:: ACTION ITEM ::
Restate the entries below in full, exactly as they read, but without pictures.

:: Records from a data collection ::
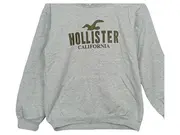 Vorschaubild 3 von Kinder Hoodie Kapuzenpullover Logo Print Grau Gr. S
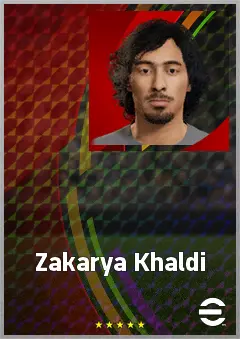 Zakarya Khaldi eFootball 2026 player card, 60 OVR CMF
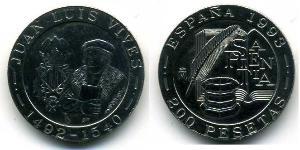 200 Peseta Royaume d’Espagne (1976 - ) Cuivre/Nickel 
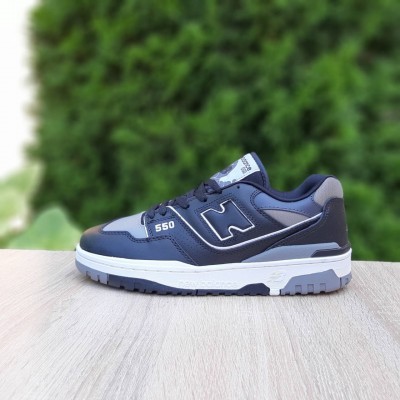 New Balance 550 Чорні з сірим, Розмір 45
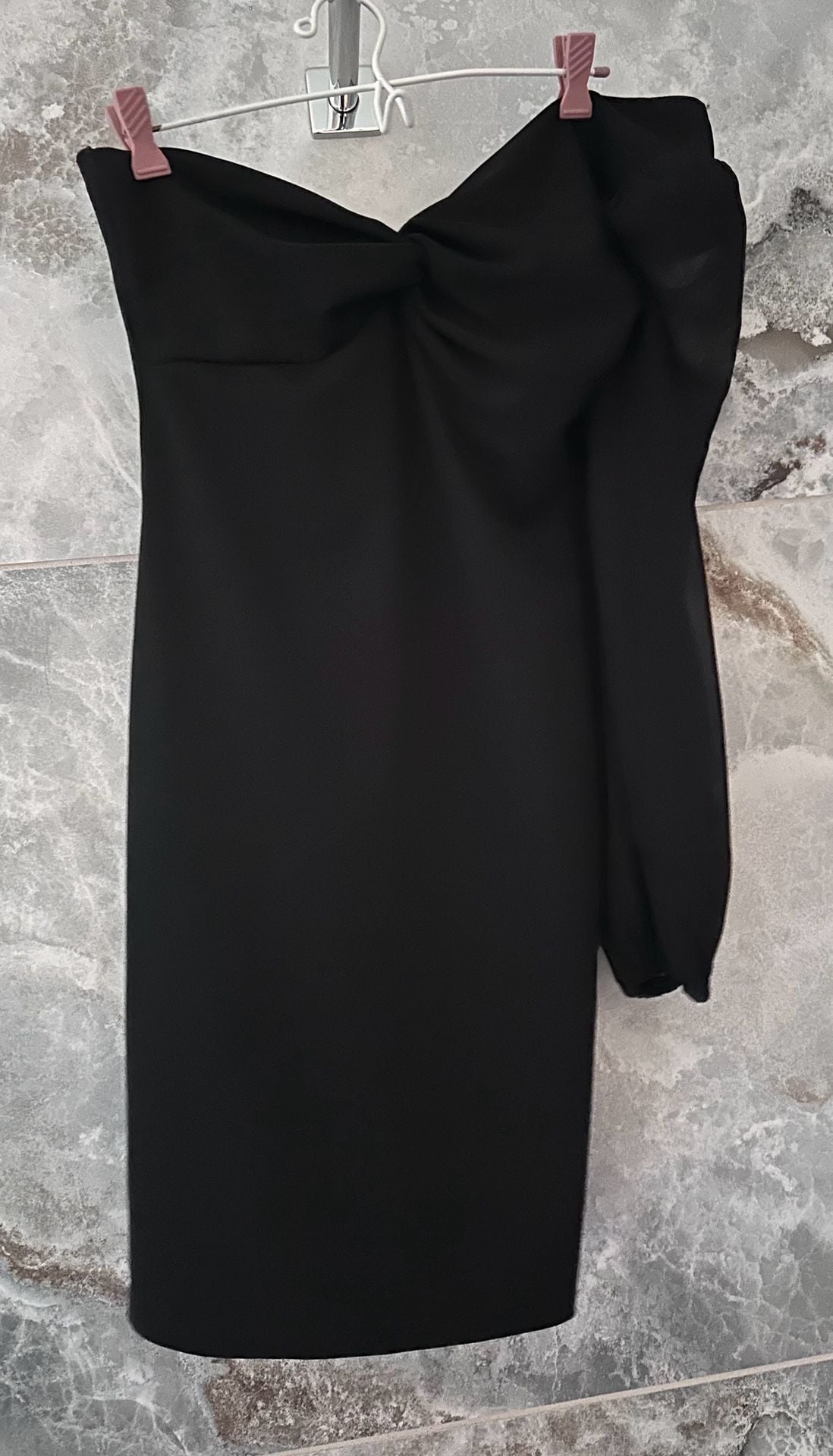 Fashion Nova Asymmetrical Black Dress Small 2
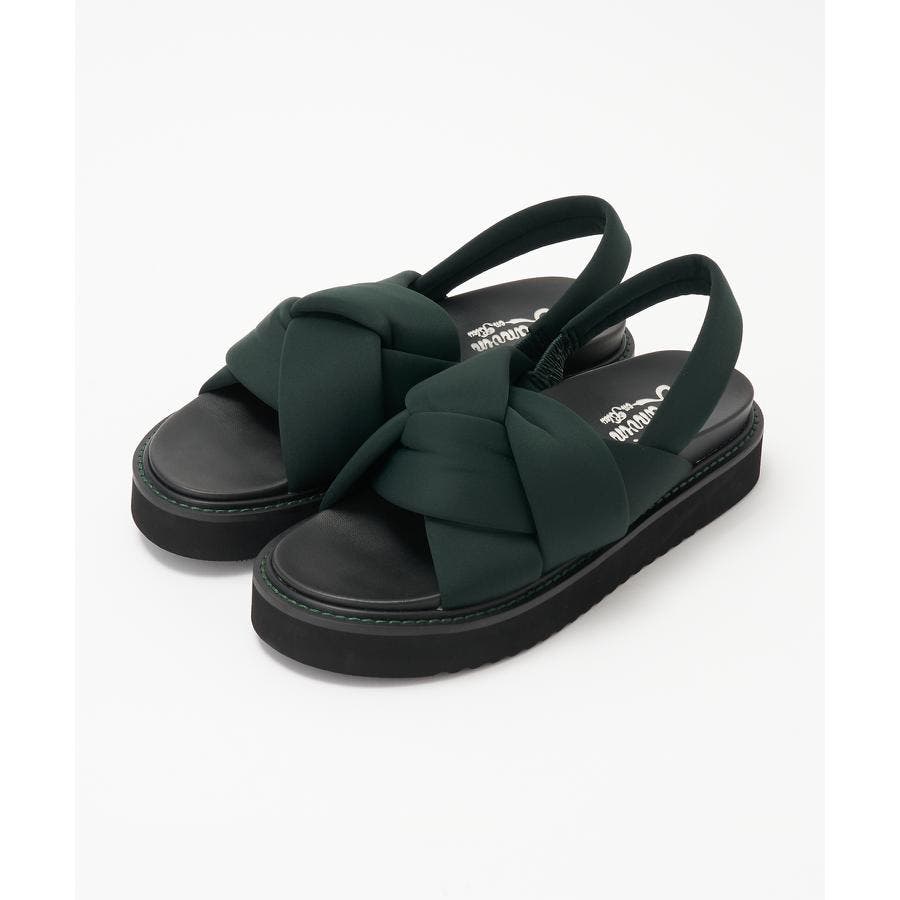 LANVIN en Bleuダイバー素材フラットサンダル 未使用級 美品 126360473611519832832023051001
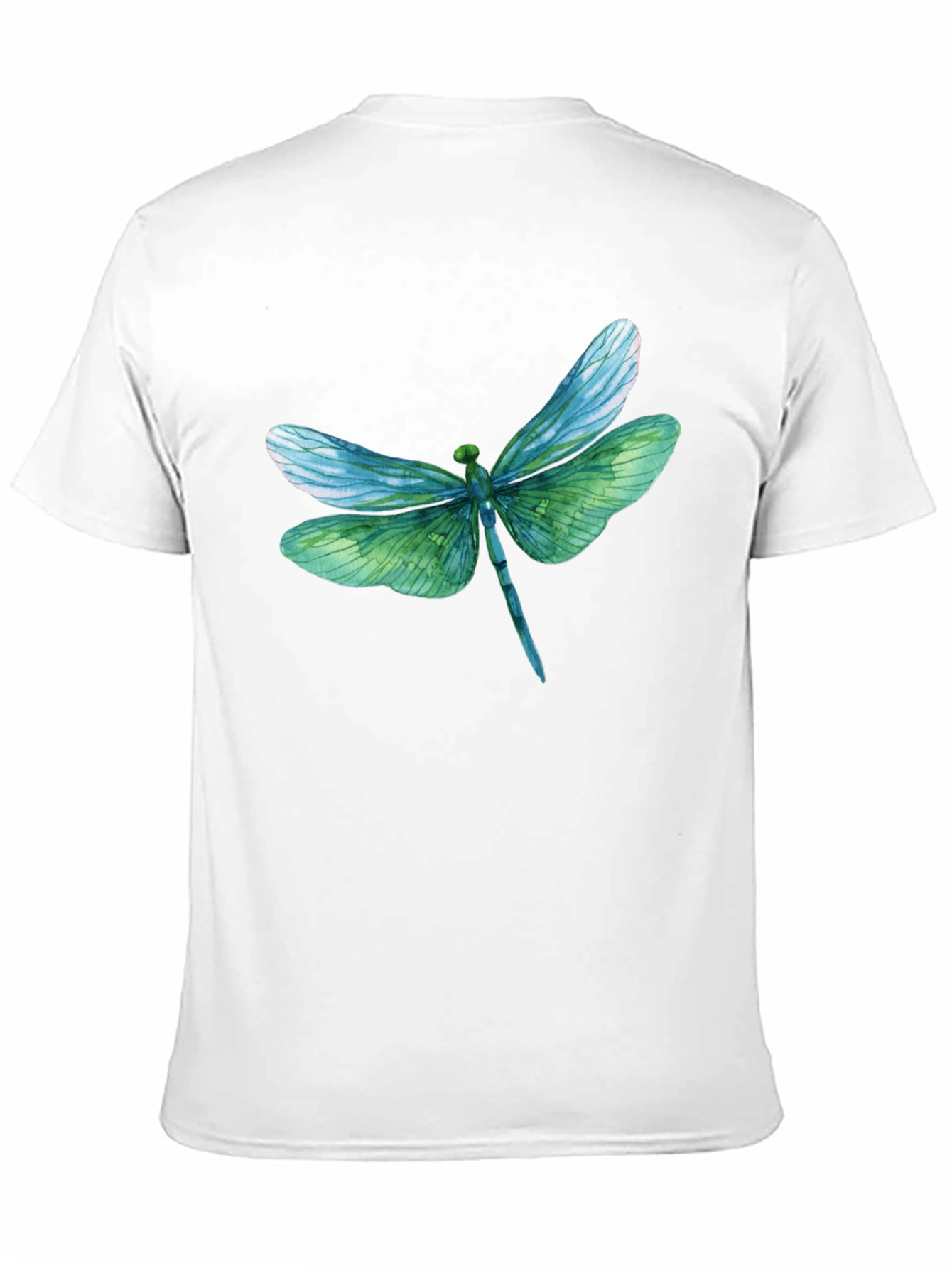 Black Dragonfly Graphic Tee - Black Cotton Blend view 11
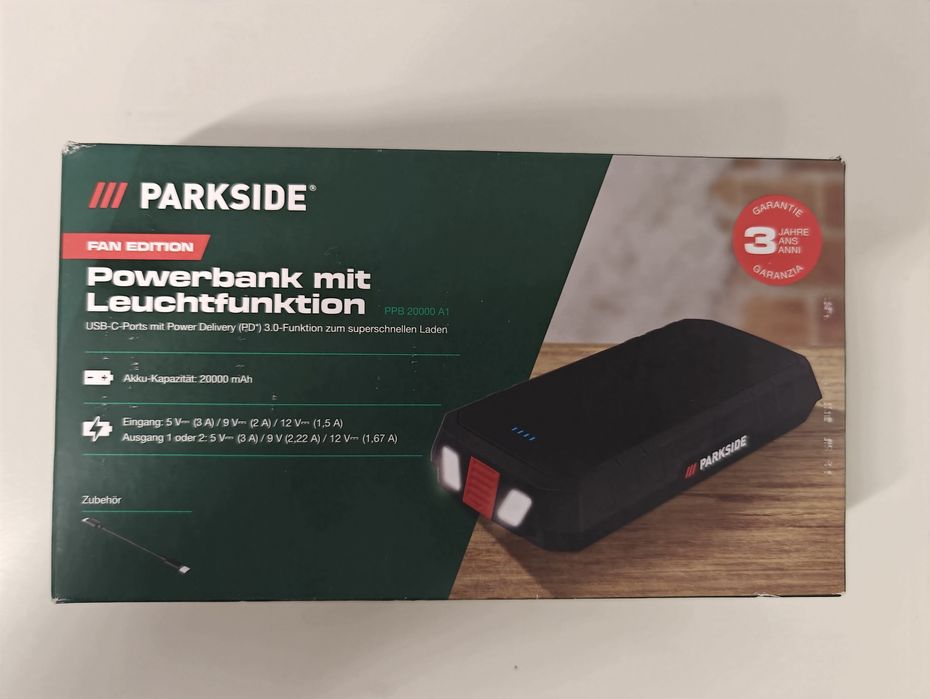 Powerbank Parkside 20.000 mah PPB 2000 A1 baterie externa acumulator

:: ANSWER BOX ::
 Vorschaubild 3 von Kinder Hoodie Kapuzenpullover Logo Print Grau Gr. S
 Zakarya Khaldi eFootball 2026 player card, 60 OVR CMF
 200 Peseta Royaume d’Espagne (1976 - ) Cuivre/Nickel 
 New Balance 550 Чорні з сірим, Розмір 45
 Fashion Nova Asymmetrical Black Dress Small 2
 LANVIN en Bleuダイバー素材フラットサンダル 未使用級 美品 126360473611519832832023051001
 Black Dragonfly Graphic Tee - Black Cotton Blend view 11
 Powerbank Parkside 20.000 mah PPB 2000 A1 baterie externa acumulator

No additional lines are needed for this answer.